> Exercise requirements:
Here are the records. Write out exactly the lines between the one holding "Modern kitchen. Plus, it's" and the one holding "Now we will", inclusive.

> Data to use:
= = = = = = =
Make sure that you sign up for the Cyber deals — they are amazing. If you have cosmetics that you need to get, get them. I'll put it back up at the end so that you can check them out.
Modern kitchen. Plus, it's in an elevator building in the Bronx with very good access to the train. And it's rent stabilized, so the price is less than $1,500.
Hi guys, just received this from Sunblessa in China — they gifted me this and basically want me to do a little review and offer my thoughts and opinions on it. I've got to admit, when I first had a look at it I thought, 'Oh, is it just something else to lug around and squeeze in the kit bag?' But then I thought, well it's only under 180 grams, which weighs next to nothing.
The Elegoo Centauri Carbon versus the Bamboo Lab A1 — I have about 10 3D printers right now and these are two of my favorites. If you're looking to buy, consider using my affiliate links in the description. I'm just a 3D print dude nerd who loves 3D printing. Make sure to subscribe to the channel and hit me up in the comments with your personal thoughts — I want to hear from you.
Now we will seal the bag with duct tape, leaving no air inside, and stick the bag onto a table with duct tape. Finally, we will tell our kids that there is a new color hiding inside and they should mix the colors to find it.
= = = = = = =
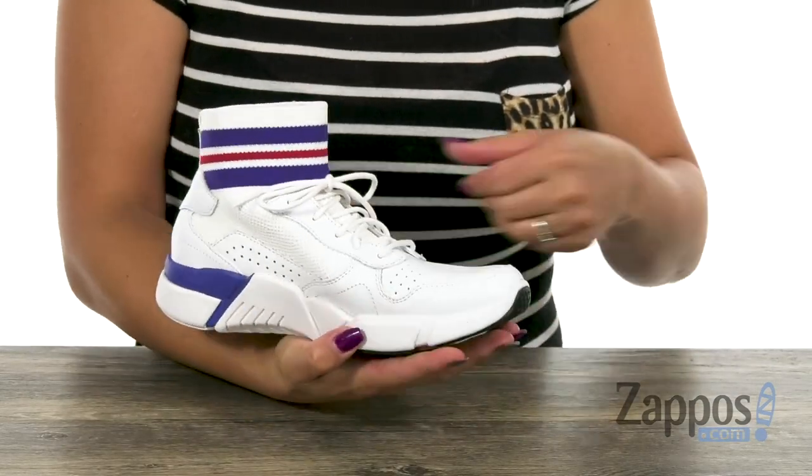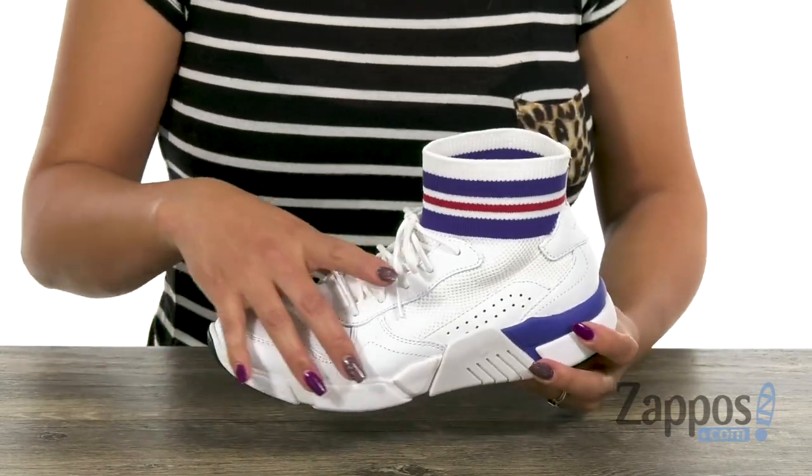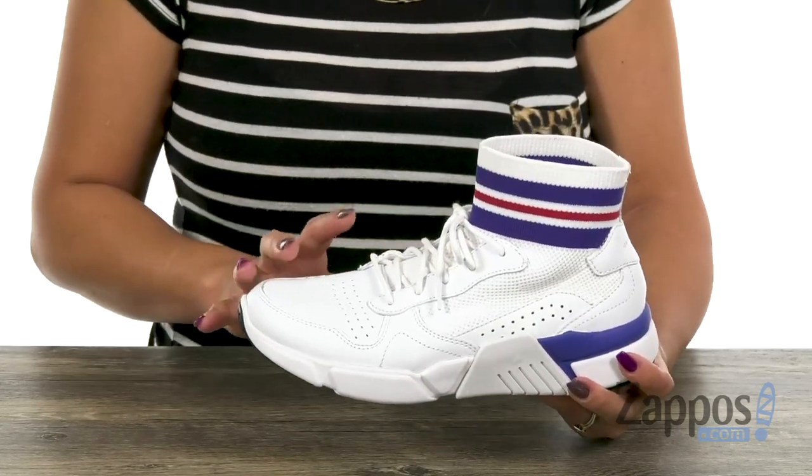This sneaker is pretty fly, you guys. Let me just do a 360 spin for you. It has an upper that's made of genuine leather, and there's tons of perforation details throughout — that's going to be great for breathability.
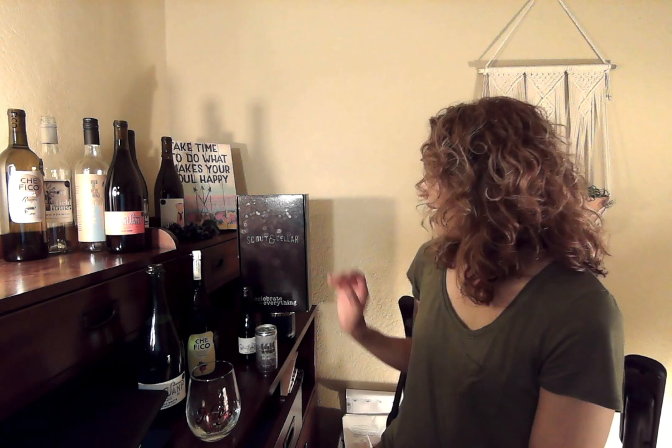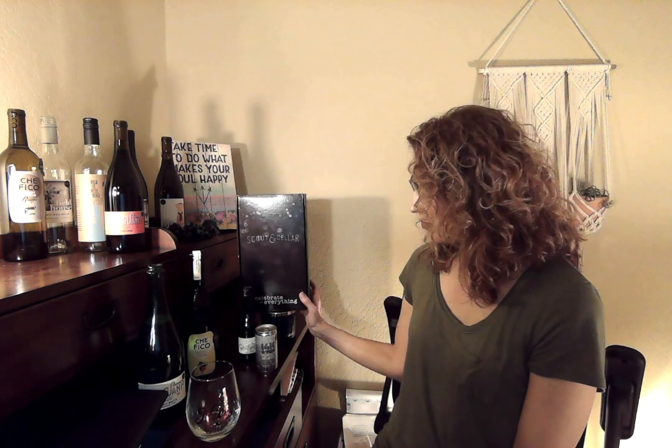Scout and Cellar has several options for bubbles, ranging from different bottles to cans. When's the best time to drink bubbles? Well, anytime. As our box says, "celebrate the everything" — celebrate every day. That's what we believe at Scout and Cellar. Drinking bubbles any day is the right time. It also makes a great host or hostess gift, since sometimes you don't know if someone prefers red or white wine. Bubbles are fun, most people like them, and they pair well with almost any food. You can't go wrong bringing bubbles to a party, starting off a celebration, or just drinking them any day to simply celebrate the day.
= = = = = = =
> Output of the exercise:
Modern kitchen. Plus, it's in an elevator building in the Bronx with very good access to the train. And it's rent stabilized, so the price is less than $1,500.
Hi guys, just received this from Sunblessa in China — they gifted me this and basically want me to do a little review and offer my thoughts and opinions on it. I've got to admit, when I first had a look at it I thought, 'Oh, is it just something else to lug around and squeeze in the kit bag?' But then I thought, well it's only under 180 grams, which weighs next to nothing.
The Elegoo Centauri Carbon versus the Bamboo Lab A1 — I have about 10 3D printers right now and these are two of my favorites. If you're looking to buy, consider using my affiliate links in the description. I'm just a 3D print dude nerd who loves 3D printing. Make sure to subscribe to the channel and hit me up in the comments with your personal thoughts — I want to hear from you.
Now we will seal the bag with duct tape, leaving no air inside, and stick the bag onto a table with duct tape. Finally, we will tell our kids that there is a new color hiding inside and they should mix the colors to find it.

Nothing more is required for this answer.